== Recorded data ==
※ ※ ※

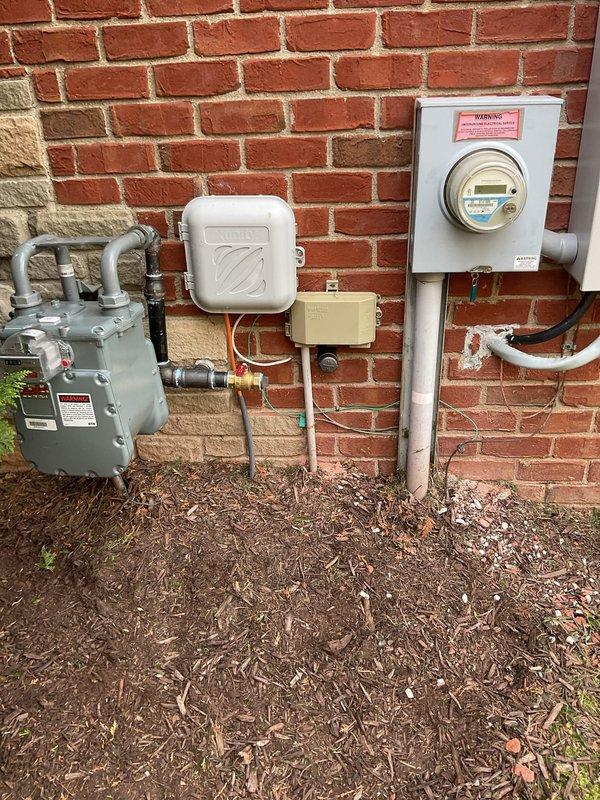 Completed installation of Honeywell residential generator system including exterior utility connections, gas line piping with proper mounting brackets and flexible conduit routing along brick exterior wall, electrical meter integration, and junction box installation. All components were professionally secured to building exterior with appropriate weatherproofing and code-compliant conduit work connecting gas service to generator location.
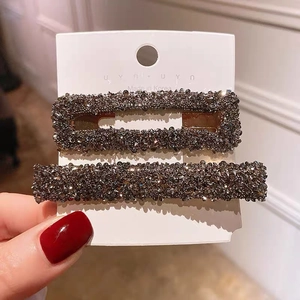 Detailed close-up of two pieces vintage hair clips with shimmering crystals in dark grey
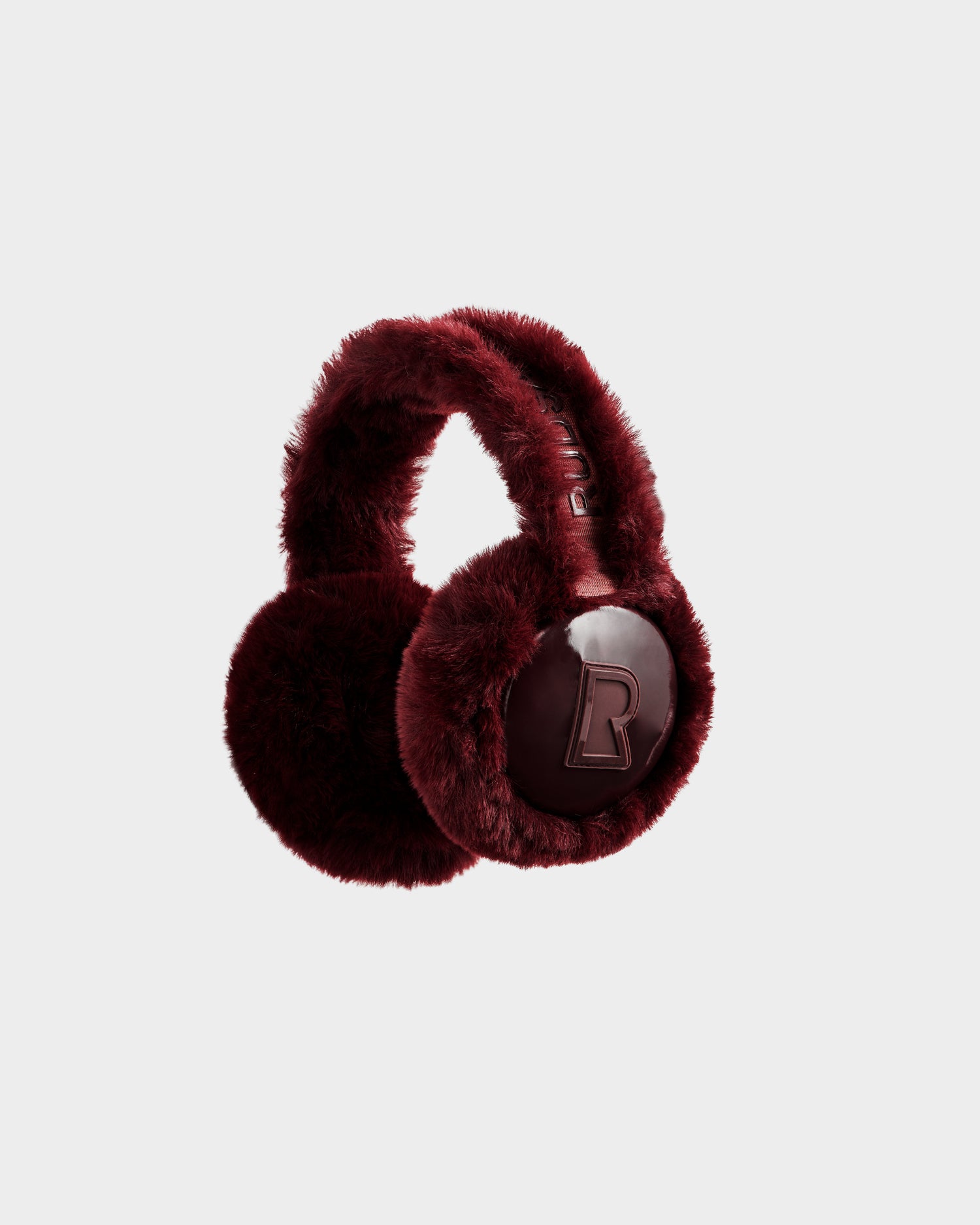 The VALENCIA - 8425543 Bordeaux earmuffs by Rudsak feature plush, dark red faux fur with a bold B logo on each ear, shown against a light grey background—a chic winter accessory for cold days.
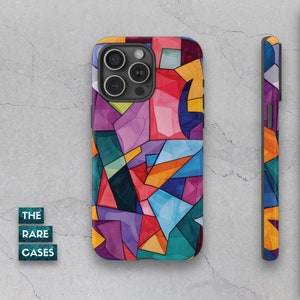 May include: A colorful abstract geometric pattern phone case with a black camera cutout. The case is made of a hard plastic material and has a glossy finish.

※ ※ ※

== Task goal ==
Output the listing above exactly, pictures omitted.

== Your solution ==
 Completed installation of Honeywell residential generator system including exterior utility connections, gas line piping with proper mounting brackets and flexible conduit routing along brick exterior wall, electrical meter integration, and junction box installation. All components were professionally secured to building exterior with appropriate weatherproofing and code-compliant conduit work connecting gas service to generator location.
 Detailed close-up of two pieces vintage hair clips with shimmering crystals in dark grey
 The VALENCIA - 8425543 Bordeaux earmuffs by Rudsak feature plush, dark red faux fur with a bold B logo on each ear, shown against a light grey background—a chic winter accessory for cold days.
 May include: A colorful abstract geometric pattern phone case with a black camera cutout. The case is made of a hard plastic material and has a glossy finish.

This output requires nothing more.